23 Apr Romuald Hazoumè
Born in 1962, Porto Novo, Benin
Lives and works in Porto Novo
Romuald Hazoumè, who is of Yoruba origin, grew up in a Catholic family, but remained in contact with the Vodun society of his forbears; this dual cultural heritage finds expression in both his masks and installations. In the mid-1980s, he began an extended series of works made from discarded plastic containers, and in particular from gasoline canisters. After slight modifications, these objects became masks, which subtly reveal Hazoumè’s critical vision of political systems. He has said of his work: “I send back to the West that which belongs to them, that is to say, the refuse of consumer society that invades us every day.”

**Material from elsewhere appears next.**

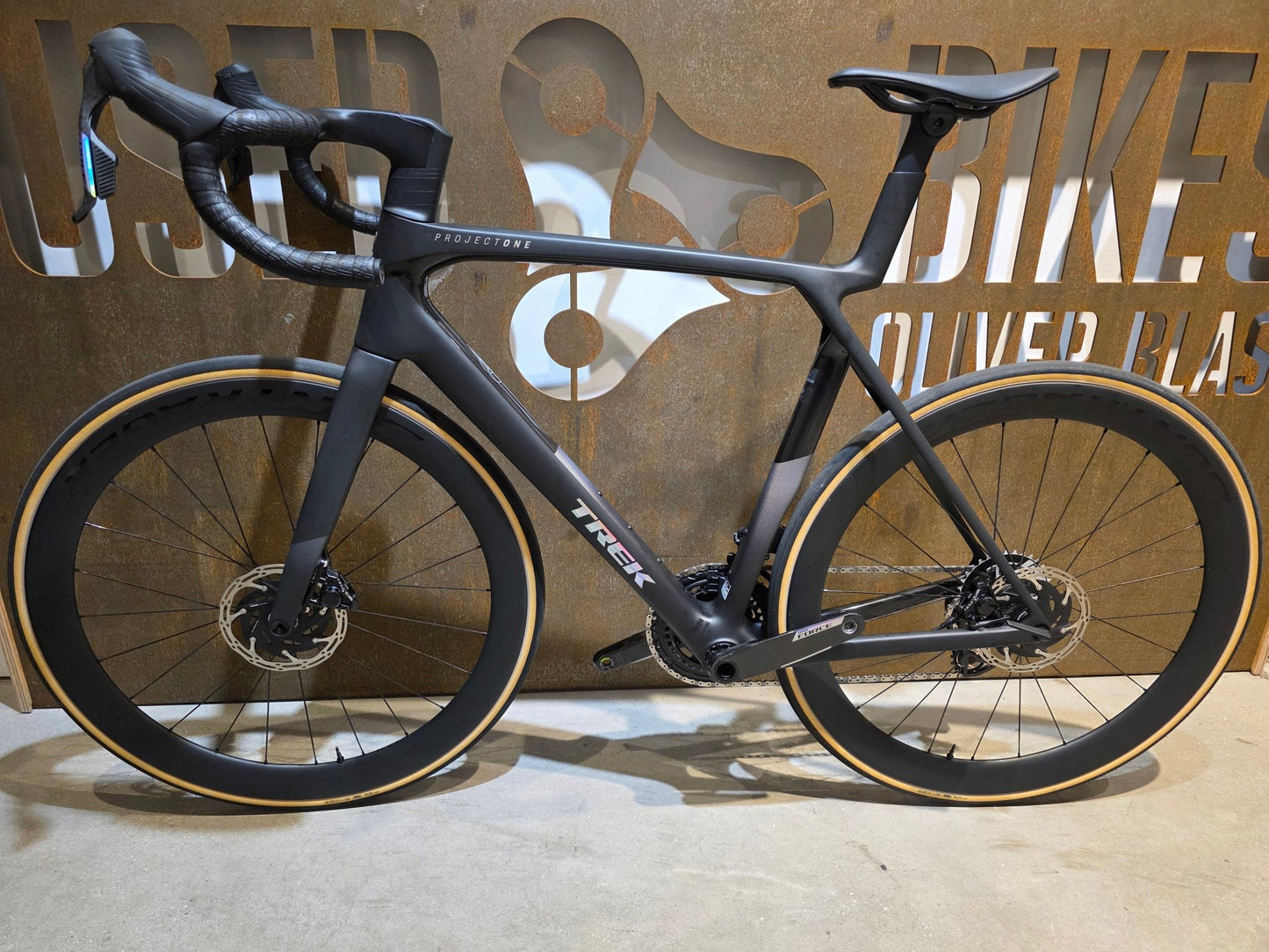 Rennrad von Trek, TREK MADONE SLR 7 AXS MY 2026 / MATTE CARBON SMOKE / L vor USEDBIKES - OB.DE Hintergrund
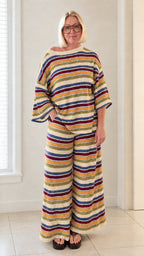 Front view of woman wearing cream multicolor striped knit wide leg two piece set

Hazoumè’s masks conform more to the recovery of their materials than to Yoruba traditions; however, there are also important links with this heritage. Hazoumè’s art suggests a parallel reading and illustrates how the artist draws on the vocabulary of the initiated to give character to his creations. His art is immediate, but also complex and profound, dealing with political and sociological issues, and questions of identity, as well as pure aesthetics. It is new and contemporary yet embedded in tradition. It is serious but also ironic and full of wit. One can see his work as inevitably coming from West Africa, dealing as it does with survival among other things, but it is assertive and sure of itself. Indeed, his work can be understood as a modern reinterpretation of the phenomena of trances, revealing without reserve the madness of current events. Hazoumé belongs to a second generation of African artists who have obtained well-deserved international recognition.